A study to track the natural history and functional capabilities of patients with myotubular myopathy (MTM), a form of centronuclear myopathy (CNM), is recruiting approximately 60 patients of any age (including newborns). There are three North American study sites — Boston, Bethesda, Md., Toronto — and a site in Paris.
The investigators, sponsored by Concord, Mass.-based biotechnology company Valerion Therapeutics and French nonprofit organization Genethon, will follow study participants for three years, during which time they will perform functional assessments, analyze blood and urine samples, and administer questionnaires.
Data from the study will be used to understand the usual disease course of MTM and decide which outcome measures would be best to use in testing potential therapies in future trials.

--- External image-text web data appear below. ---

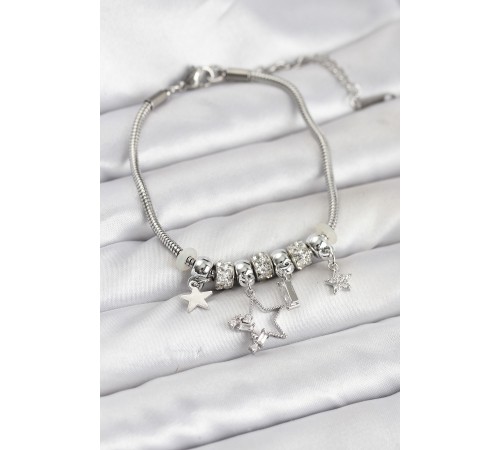Gümüş Renk Pirinç Yıldız Model Charmlı Kadın Bileklik
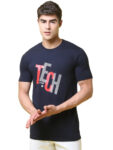 Reliable Navy Blue Cotton Blend Printed Round Neck Tees For Men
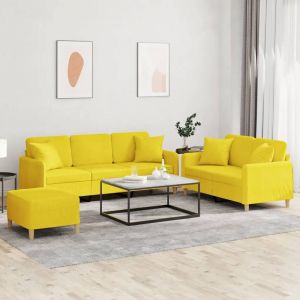 Prolenta Premium - Ensemble De Canap&eacute;s 3 Pcs Avec Coussins Jaune Clair Tissu - Neuf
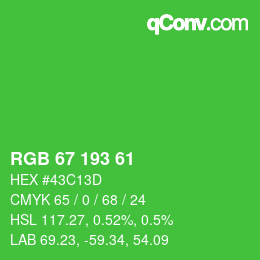 Color code: RGB 67 193 61 | qconv.com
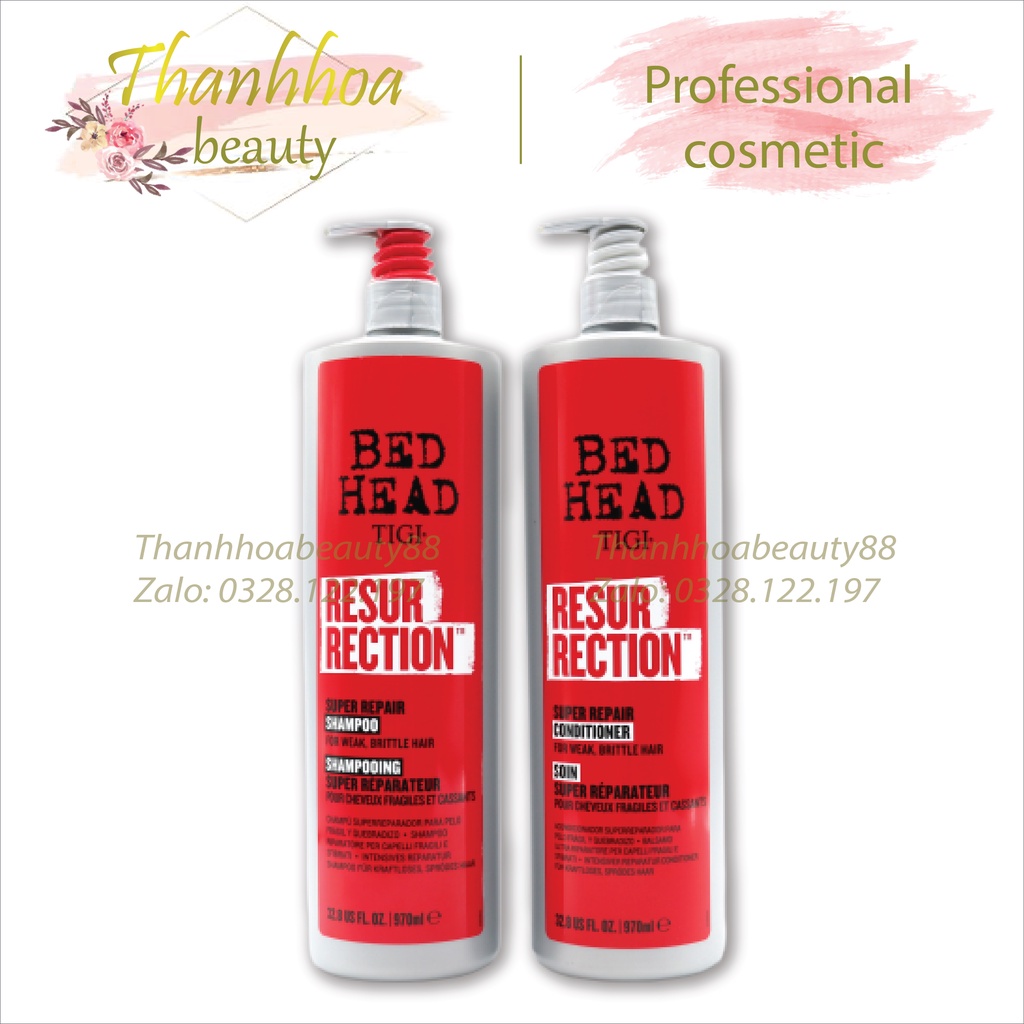 Cặp Dầu Gội Tigi Đỏ Cho Tóc Hư Tổn Cấp Độ 3 - 750ml - Chính Hãng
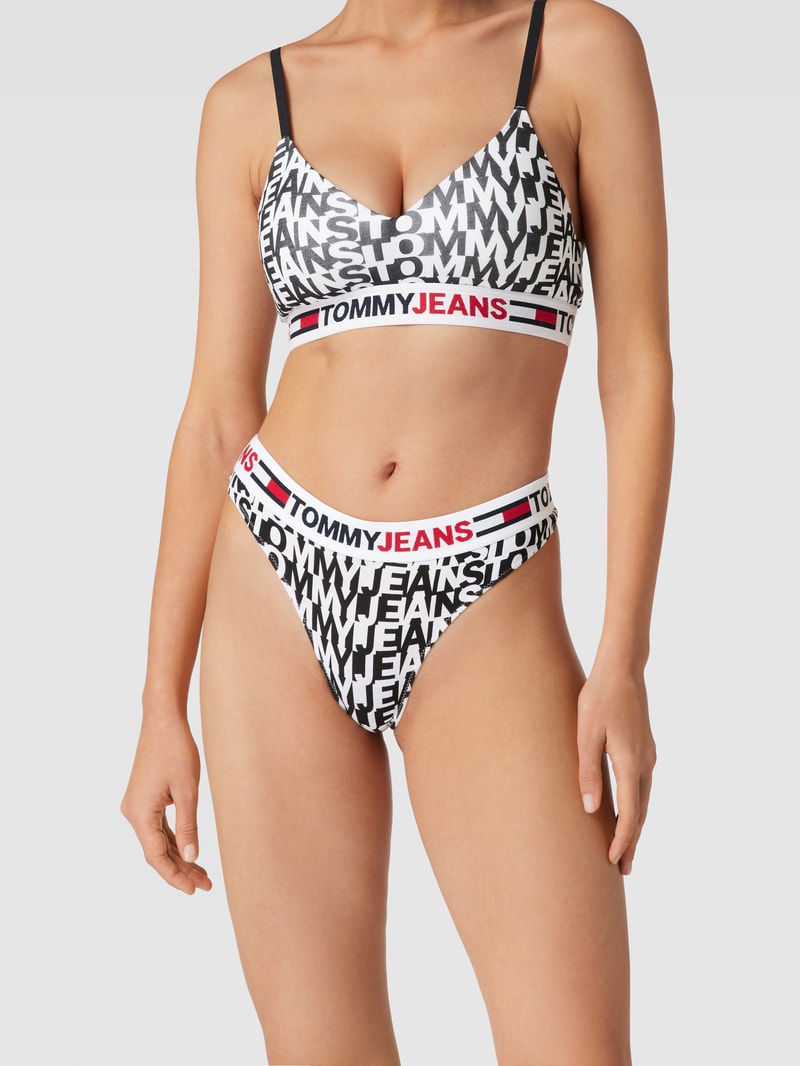 String mit Logo-Muster in schwarz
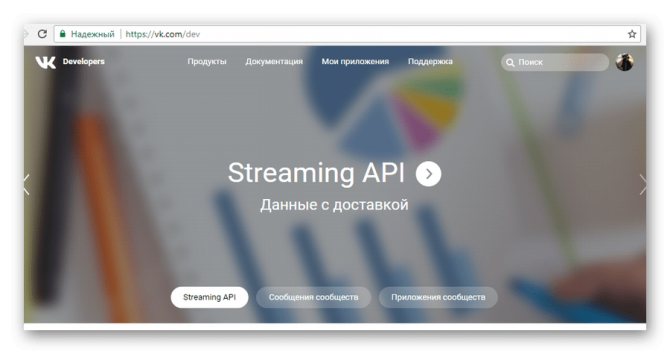 Просмотр страницы для разработчиков на сайте ВК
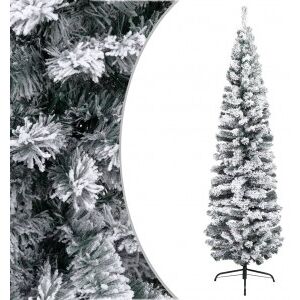 Árbol De Navidad Artificial Delgado Verde Con Nieve Pvc 240 Cm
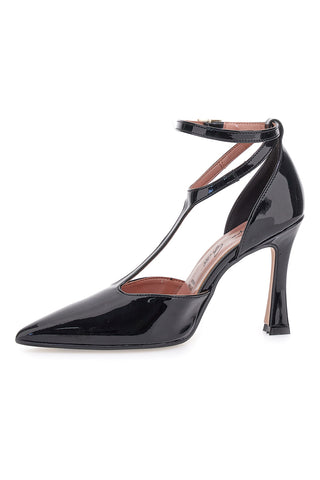 Francesca Gritti P7044 Pumps mit Knöchelriemen aus schwarzem Lackleder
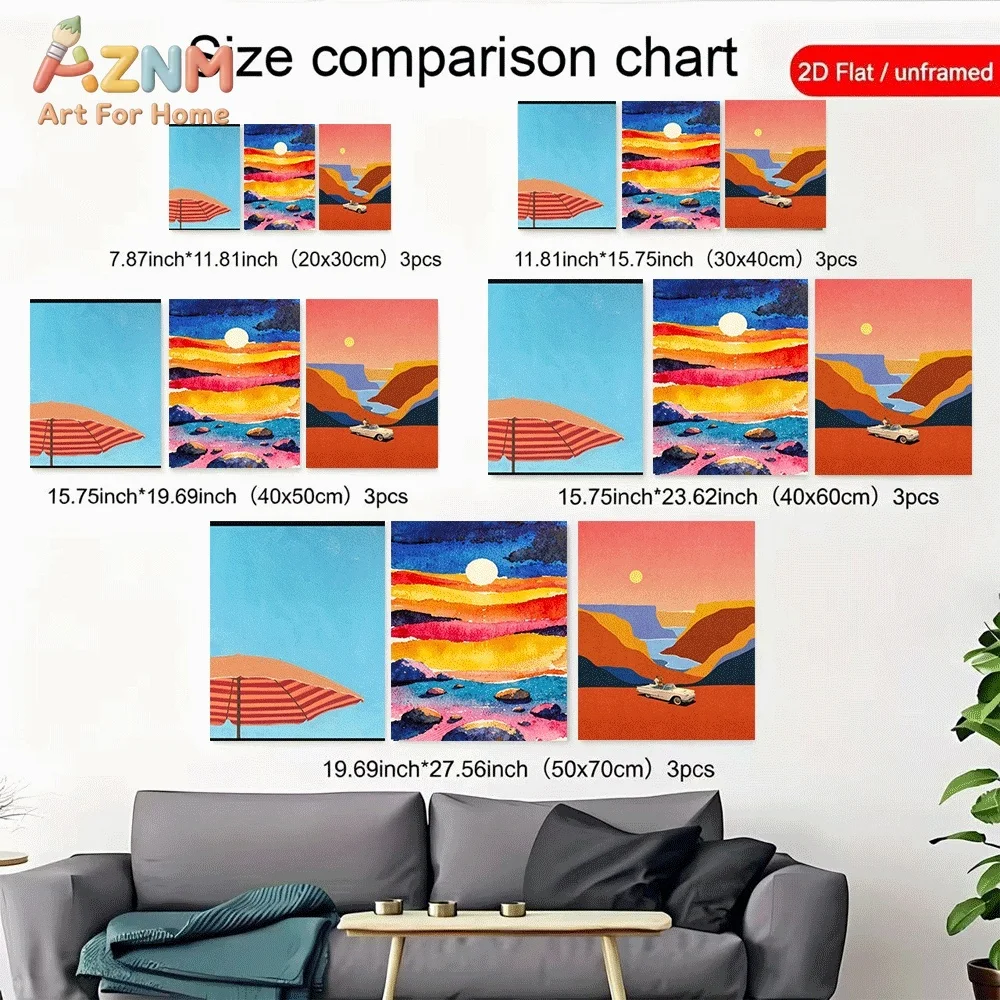 AZNM 3Pcs Abstract Beach Umbrella Canyon Landscape Canvas Wall Art Retro Car Sunset Poster Modern Home Decor No Frame Painting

"The study, which is jointly sponsored by Valerion and Genethon, is intended to observe and quantify changes over time in muscle and respiratory function, quality of life and disability in patients with MTM," said Michelle Nelken of Valerion Therapeutics. "It is open to all symptomatic patients, male and female, and will be conducted in North America and Europe. Participating sites and other contact information, along with eligibility information, can be found on ClinicalTrials.gov, which will be updated regularly to provide information on new sites. We hope to enroll our first patients, both in the U.S. and European Union, shortly. The information we obtain from this study will be used to inform the design of clinical studies with both gene therapy and enzyme replacement therapy."
MTM therapies in development
One experimental therapy for MTM, based on administering the myotubularin protein (deficient in MTM-affected muscles), is in development by Valerion, with MDA support.
Another experimental treatment for MTM, based on administering the gene for the myotubularin protein, also has received MDA support and recently was found to benefit MTM-deficient dogs.
A CNM/MTM registry and world map is seeking participation from people with these disorders or their family members and is designed to help recruit trial participants and speed research. The information is privacy-protected.
To participate in the MTM natural history study
For details about the MTM natural history study, see Prospective, Longitudinal Study of the Natural History and Functional Status of Patients With Myotubular Myopathy (MTM); or enter NCT02057705 in the search box at ClinicalTrials.gov.
Or, contact Michelle Nelken in the Boston area at (617) 755-4149 or firstname.lastname@example.org. For the French site, contact Melanie Annoussamy at +33 1 42 16 66 49 or email@example.com.
About Clinical Trials
A clinical trial is a test, in humans, of an experimental treatment. Although it's possible that benefit may be derived from participating in a clinical trial, it's also possible that no benefit, or even harm, may occur.